→ What you have to do
Print the records below exactly, from the line containing "Form Nc-478i - Research" down to the line containing "Women's One-Shoulder Satin", both lines included, and omit every picture.

→ Data for this exercise

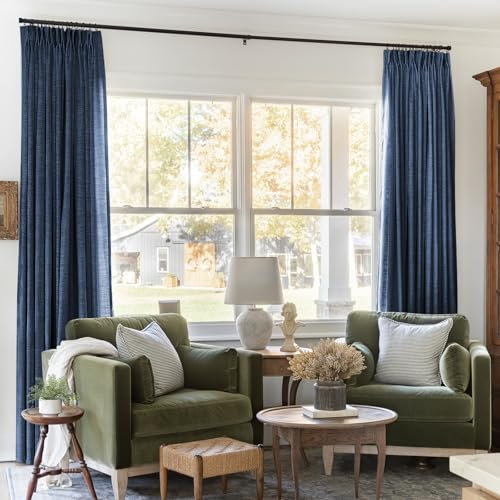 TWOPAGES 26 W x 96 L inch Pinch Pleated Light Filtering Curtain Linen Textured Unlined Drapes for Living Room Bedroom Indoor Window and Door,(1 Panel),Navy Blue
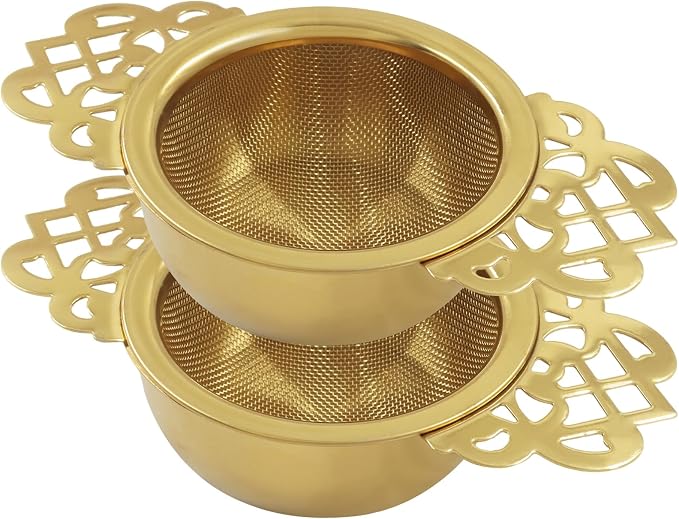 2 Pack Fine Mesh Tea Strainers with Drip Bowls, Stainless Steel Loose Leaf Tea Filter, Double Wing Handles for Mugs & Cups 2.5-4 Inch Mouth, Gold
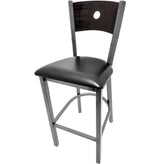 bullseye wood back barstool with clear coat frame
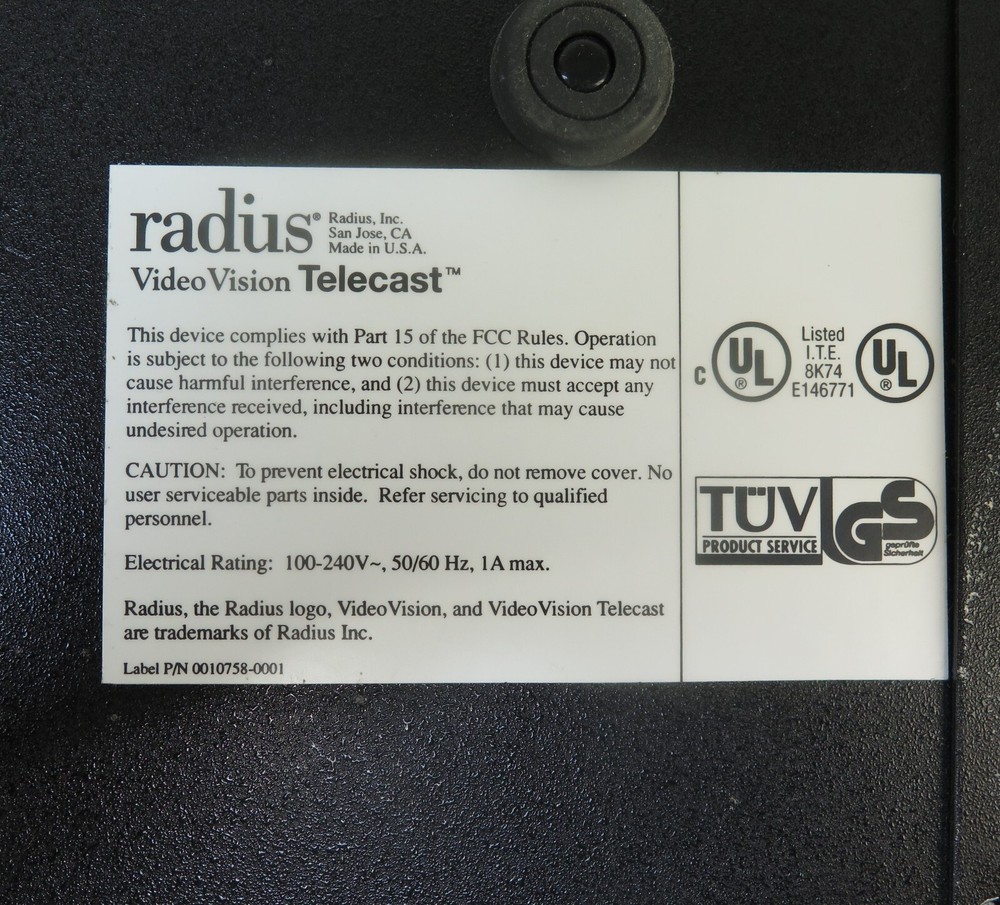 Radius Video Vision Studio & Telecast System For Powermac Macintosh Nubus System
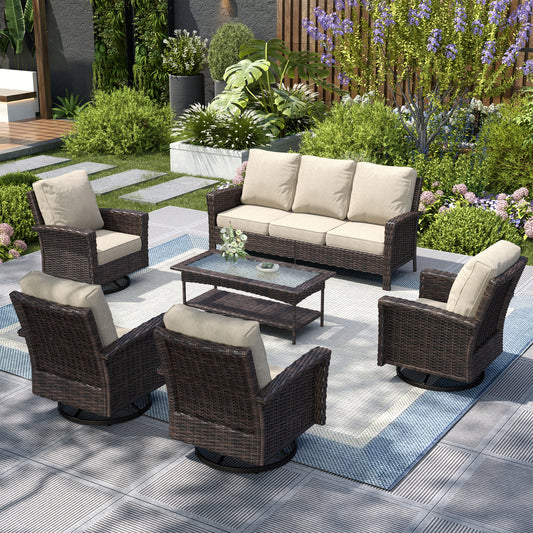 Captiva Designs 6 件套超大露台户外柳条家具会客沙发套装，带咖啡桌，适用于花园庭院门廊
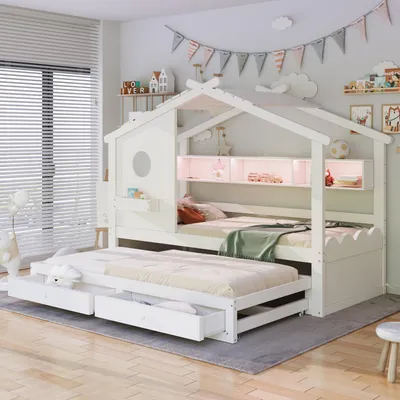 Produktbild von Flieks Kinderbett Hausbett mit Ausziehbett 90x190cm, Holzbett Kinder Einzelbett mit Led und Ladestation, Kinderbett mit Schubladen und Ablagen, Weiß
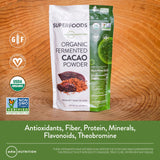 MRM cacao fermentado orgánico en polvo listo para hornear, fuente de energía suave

---

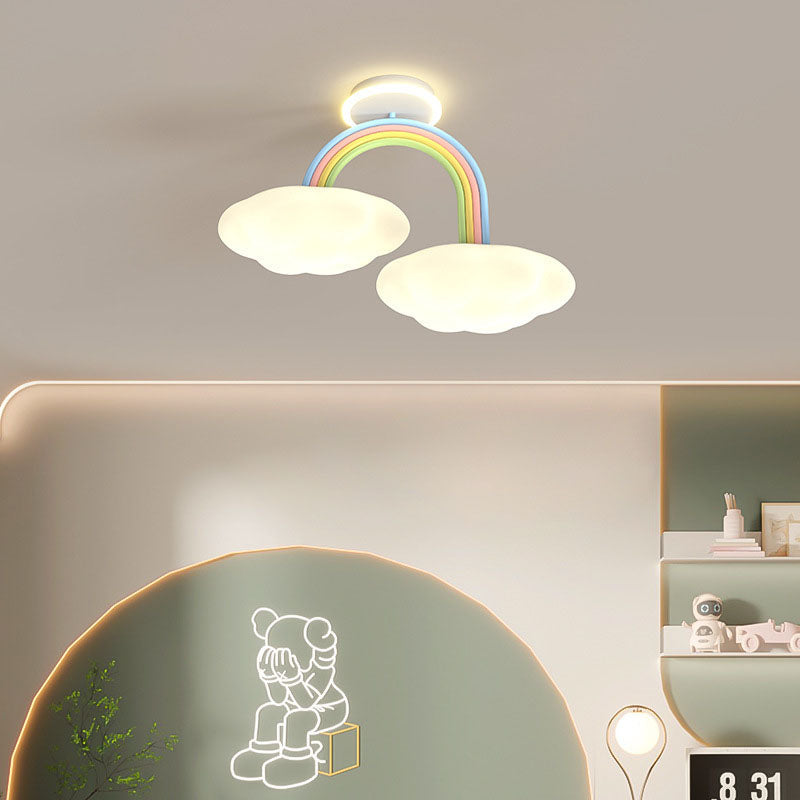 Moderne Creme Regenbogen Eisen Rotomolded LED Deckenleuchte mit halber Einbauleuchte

...

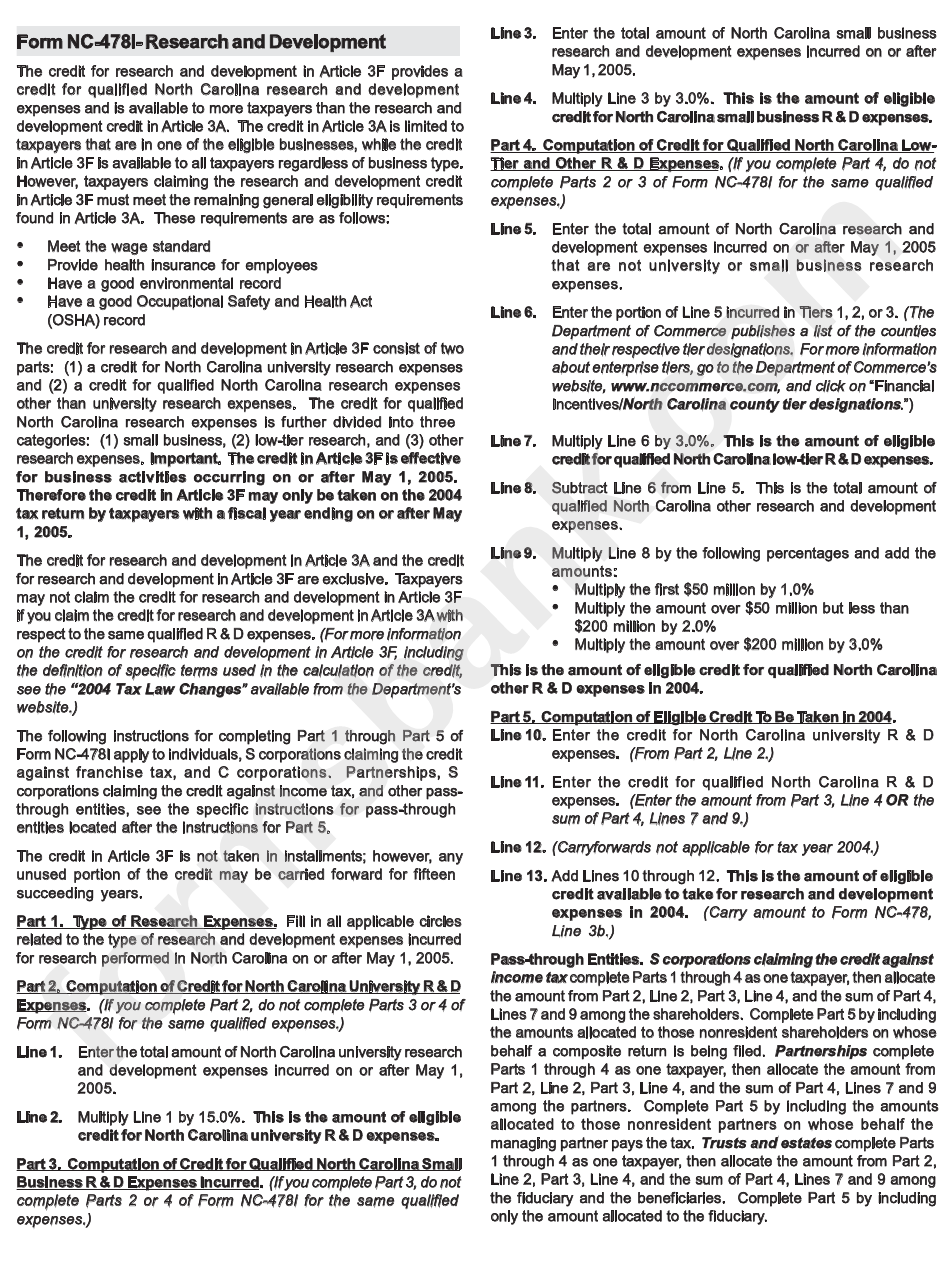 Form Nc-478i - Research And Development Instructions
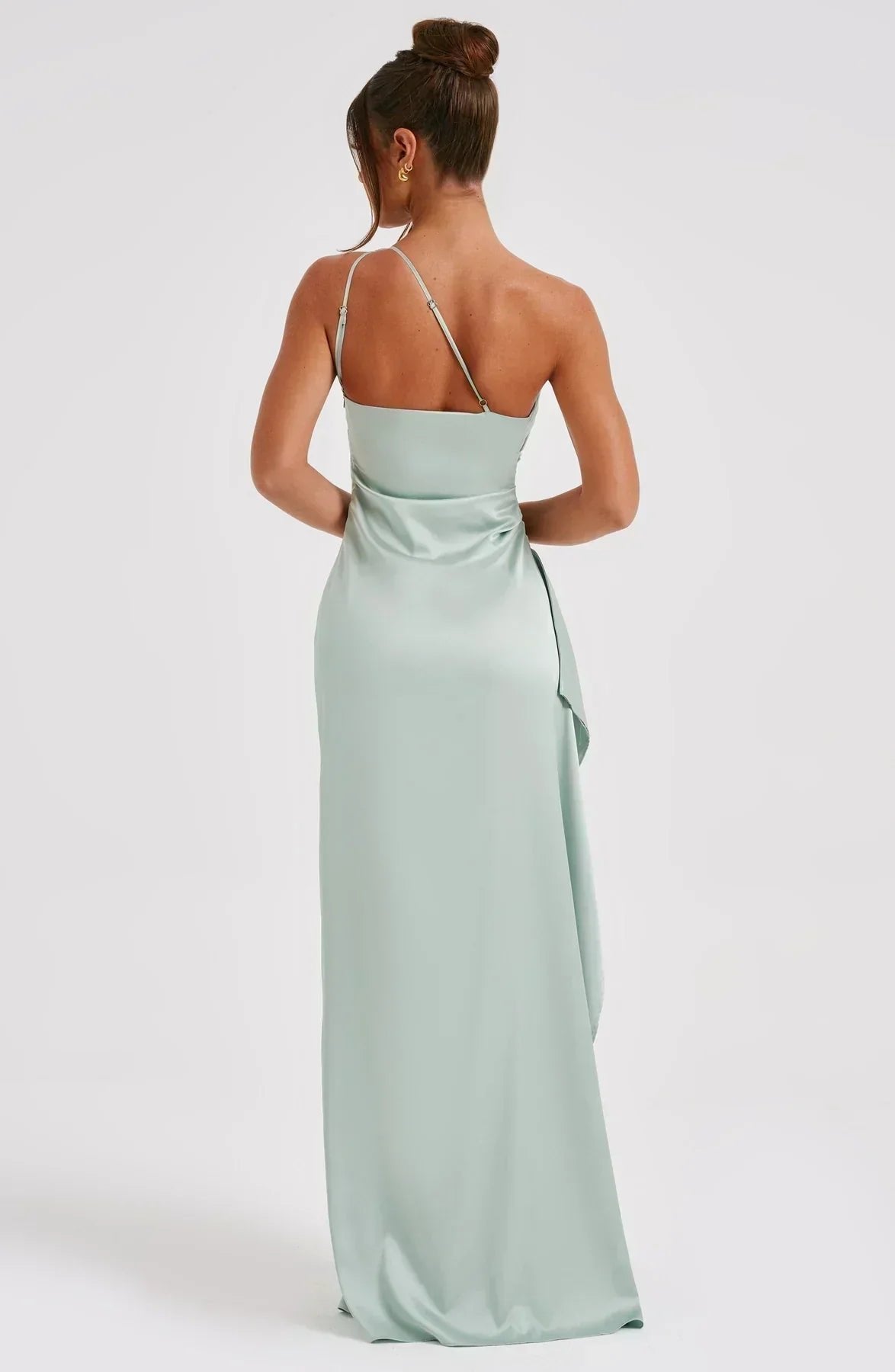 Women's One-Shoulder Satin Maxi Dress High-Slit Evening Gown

→ Response to this exercise
 Form Nc-478i - Research And Development Instructions
 Women's One-Shoulder Satin Maxi Dress High-Slit Evening Gown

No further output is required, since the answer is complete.